Hot off the joyous, exhausting marathon that was the Stratford Festival’s opening week, and after a brief hiatus in Toronto to review Soulpepper’s brilliant production of Sizwe Banzi is Dead for the Toronto Star, I hopped on a plane to Montréal to catch three productions in the final week of the 2023 Festival TransAmériques (FTA). During that intense viewing spate at the FTA, the shows started overlapping and informing each other — and that’s no bad thing.


Qaumma — Vinnie Karetak and Laakkuluk Williamson Bathory, Iqaluit

The FTA has made a significant commitment to this interdisciplinary piece by Inuit artists Vinnie Karetak and Laakkuluk Williamson Bathory: they presented it in workshop form in 2022 and this year as a one-hour-long performance. In 2023, Karetak and Charlotte Qamanik perform Qaumma (which means “light” in Inuktitut), with Williamson Bathory as director.

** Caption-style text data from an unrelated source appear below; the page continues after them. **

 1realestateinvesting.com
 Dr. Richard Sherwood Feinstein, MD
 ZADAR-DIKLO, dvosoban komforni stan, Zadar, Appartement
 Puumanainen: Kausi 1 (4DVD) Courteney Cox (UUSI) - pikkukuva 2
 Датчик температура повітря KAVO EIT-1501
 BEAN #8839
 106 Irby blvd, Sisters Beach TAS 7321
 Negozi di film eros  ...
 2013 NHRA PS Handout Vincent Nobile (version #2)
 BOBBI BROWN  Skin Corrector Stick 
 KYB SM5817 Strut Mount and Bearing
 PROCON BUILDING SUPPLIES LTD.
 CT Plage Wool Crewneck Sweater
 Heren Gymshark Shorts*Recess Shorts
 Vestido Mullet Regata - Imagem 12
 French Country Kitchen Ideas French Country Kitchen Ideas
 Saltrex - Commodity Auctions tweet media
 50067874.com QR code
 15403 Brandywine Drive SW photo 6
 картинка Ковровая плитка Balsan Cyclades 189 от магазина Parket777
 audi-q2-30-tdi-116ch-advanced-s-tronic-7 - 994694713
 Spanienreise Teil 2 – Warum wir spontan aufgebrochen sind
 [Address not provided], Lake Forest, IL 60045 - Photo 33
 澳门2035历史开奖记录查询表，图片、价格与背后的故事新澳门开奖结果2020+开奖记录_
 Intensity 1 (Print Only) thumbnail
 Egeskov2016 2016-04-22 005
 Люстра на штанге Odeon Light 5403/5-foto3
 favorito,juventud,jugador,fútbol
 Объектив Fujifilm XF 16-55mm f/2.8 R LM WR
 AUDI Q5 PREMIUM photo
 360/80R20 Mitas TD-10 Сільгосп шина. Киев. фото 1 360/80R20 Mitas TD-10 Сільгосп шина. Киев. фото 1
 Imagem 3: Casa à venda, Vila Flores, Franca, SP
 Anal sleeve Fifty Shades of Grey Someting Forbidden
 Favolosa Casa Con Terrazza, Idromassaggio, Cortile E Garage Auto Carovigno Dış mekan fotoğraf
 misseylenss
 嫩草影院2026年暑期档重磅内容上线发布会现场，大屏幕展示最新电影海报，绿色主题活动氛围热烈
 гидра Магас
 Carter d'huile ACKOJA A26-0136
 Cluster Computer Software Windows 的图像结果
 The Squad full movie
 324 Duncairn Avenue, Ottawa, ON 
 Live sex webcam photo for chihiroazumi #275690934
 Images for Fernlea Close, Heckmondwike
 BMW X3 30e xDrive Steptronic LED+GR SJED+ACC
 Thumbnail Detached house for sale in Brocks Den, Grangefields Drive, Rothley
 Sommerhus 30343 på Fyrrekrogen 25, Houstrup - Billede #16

Like many Toronto theatregoers, I became acquainted with Williamson Bathory in her striking and adventurous collaborative piece with Evalyn Parry and others, Kiinalik: These Sharp Tools, in which Williamson Bathory gave an unforgettable performance of uaajeerneq, Greenlandic mask dancing. This involved her painting her face black, putting small balls in her cheeks to further alter her appearance, and climbing all over the audience in a pointedly sexualized manner.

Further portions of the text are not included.